BEGIN
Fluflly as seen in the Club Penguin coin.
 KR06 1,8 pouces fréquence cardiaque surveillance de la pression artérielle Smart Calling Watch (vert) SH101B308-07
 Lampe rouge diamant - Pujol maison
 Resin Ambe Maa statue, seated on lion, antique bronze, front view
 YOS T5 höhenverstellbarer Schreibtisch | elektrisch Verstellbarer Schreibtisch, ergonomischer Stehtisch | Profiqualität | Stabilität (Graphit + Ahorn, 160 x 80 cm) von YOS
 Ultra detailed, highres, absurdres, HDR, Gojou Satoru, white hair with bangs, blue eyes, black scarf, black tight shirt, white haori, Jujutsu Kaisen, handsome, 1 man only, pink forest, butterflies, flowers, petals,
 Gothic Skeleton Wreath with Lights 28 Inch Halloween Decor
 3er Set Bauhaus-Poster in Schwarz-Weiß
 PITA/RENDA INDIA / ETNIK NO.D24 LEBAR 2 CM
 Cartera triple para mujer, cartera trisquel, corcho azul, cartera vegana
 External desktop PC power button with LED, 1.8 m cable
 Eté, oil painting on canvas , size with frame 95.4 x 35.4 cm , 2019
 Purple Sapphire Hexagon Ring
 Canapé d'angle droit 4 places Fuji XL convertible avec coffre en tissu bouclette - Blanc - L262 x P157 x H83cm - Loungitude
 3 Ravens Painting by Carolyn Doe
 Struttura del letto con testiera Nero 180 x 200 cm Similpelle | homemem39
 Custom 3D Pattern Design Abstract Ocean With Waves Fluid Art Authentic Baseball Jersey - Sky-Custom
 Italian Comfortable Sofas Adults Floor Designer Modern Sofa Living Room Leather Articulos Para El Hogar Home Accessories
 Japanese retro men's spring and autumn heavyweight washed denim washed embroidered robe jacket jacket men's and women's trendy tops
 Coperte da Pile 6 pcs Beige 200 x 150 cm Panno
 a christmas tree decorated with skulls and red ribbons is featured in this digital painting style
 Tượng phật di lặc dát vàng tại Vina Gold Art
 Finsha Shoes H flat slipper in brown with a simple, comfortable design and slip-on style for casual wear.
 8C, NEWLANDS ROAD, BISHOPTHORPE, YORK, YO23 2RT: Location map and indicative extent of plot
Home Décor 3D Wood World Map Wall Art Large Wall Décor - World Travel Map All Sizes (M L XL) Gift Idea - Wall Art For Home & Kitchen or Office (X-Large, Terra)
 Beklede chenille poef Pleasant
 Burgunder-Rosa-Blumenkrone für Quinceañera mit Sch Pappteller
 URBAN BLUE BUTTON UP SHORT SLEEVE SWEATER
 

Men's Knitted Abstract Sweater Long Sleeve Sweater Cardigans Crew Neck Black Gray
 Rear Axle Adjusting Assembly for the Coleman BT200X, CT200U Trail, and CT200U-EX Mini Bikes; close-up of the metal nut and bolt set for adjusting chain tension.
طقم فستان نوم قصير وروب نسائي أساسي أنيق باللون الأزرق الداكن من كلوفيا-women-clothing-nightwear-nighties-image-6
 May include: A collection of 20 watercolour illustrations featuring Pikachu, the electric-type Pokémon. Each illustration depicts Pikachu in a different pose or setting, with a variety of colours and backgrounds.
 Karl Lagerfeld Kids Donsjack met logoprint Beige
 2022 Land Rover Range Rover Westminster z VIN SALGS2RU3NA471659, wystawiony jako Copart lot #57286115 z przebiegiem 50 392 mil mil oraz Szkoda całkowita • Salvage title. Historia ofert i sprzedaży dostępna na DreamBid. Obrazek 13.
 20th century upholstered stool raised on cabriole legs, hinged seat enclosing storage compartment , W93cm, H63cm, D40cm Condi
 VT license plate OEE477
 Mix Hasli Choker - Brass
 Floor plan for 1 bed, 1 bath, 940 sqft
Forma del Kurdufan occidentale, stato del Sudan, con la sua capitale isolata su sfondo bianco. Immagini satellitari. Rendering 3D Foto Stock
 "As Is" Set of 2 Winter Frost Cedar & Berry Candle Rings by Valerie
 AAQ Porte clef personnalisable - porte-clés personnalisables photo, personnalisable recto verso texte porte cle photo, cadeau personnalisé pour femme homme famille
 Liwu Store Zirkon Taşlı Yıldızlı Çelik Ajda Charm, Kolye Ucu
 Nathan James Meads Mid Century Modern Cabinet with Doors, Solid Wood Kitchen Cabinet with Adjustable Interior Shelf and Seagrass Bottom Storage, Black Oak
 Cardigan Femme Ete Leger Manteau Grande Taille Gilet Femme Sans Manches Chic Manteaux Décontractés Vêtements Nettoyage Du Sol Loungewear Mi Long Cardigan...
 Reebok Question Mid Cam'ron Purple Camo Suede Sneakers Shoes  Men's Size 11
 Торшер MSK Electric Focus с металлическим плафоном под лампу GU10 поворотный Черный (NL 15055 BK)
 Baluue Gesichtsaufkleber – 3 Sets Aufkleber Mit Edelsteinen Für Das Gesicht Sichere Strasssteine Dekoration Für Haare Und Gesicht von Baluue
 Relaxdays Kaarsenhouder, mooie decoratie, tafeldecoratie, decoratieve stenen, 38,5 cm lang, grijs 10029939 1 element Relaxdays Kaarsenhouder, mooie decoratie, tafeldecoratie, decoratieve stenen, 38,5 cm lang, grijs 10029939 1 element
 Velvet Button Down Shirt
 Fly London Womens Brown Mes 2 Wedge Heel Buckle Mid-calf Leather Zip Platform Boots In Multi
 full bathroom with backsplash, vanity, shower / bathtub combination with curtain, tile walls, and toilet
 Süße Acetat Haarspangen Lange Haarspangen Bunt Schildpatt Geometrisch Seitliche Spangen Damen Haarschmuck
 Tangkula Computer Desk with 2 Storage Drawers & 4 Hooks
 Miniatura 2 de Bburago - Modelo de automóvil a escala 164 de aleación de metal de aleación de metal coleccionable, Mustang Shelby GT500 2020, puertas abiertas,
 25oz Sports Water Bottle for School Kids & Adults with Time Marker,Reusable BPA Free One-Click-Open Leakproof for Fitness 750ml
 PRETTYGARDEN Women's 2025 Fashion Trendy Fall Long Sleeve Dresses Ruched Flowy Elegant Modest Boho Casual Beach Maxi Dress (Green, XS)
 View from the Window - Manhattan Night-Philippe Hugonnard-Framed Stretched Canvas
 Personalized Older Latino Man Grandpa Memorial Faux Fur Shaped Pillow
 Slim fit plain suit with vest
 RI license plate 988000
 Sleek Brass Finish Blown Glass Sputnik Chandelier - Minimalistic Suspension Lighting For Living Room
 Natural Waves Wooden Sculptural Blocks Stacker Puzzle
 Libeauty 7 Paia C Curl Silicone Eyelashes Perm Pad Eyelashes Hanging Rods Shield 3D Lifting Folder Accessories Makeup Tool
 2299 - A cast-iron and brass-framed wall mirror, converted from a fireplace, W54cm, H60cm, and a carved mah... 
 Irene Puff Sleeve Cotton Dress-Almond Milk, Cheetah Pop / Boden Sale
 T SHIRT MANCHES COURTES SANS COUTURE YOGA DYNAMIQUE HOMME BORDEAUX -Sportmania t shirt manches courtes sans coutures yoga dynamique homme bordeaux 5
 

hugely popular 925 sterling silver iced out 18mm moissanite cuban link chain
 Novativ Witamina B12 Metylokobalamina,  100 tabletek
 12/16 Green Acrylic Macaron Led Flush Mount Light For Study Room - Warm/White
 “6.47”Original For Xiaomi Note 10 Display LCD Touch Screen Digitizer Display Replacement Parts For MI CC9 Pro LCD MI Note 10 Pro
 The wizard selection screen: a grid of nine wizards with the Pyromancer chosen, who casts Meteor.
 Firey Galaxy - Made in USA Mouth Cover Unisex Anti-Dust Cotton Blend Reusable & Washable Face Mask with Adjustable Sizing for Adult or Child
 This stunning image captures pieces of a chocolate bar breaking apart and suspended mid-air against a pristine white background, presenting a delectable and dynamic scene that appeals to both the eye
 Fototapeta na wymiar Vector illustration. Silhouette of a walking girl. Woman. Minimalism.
END
* [HOW TO COMPLETE THIS TASK]
Please reproduce exactly the lines in the listing above from the one containing "Resin Ambe Maa" through the one containing "Finsha Shoes H", both included, and nothing more.

* [REPLY TO THE TASK]
 Resin Ambe Maa statue, seated on lion, antique bronze, front view
 YOS T5 höhenverstellbarer Schreibtisch | elektrisch Verstellbarer Schreibtisch, ergonomischer Stehtisch | Profiqualität | Stabilität (Graphit + Ahorn, 160 x 80 cm) von YOS
 Ultra detailed, highres, absurdres, HDR, Gojou Satoru, white hair with bangs, blue eyes, black scarf, black tight shirt, white haori, Jujutsu Kaisen, handsome, 1 man only, pink forest, butterflies, flowers, petals,
 Gothic Skeleton Wreath with Lights 28 Inch Halloween Decor
 3er Set Bauhaus-Poster in Schwarz-Weiß
 PITA/RENDA INDIA / ETNIK NO.D24 LEBAR 2 CM
 Cartera triple para mujer, cartera trisquel, corcho azul, cartera vegana
 External desktop PC power button with LED, 1.8 m cable
 Eté, oil painting on canvas , size with frame 95.4 x 35.4 cm , 2019
 Purple Sapphire Hexagon Ring
 Canapé d'angle droit 4 places Fuji XL convertible avec coffre en tissu bouclette - Blanc - L262 x P157 x H83cm - Loungitude
 3 Ravens Painting by Carolyn Doe
 Struttura del letto con testiera Nero 180 x 200 cm Similpelle | homemem39
 Custom 3D Pattern Design Abstract Ocean With Waves Fluid Art Authentic Baseball Jersey - Sky-Custom
 Italian Comfortable Sofas Adults Floor Designer Modern Sofa Living Room Leather Articulos Para El Hogar Home Accessories
 Japanese retro men's spring and autumn heavyweight washed denim washed embroidered robe jacket jacket men's and women's trendy tops
 Coperte da Pile 6 pcs Beige 200 x 150 cm Panno
 a christmas tree decorated with skulls and red ribbons is featured in this digital painting style
 Tượng phật di lặc dát vàng tại Vina Gold Art
 Finsha Shoes H flat slipper in brown with a simple, comfortable design and slip-on style for casual wear.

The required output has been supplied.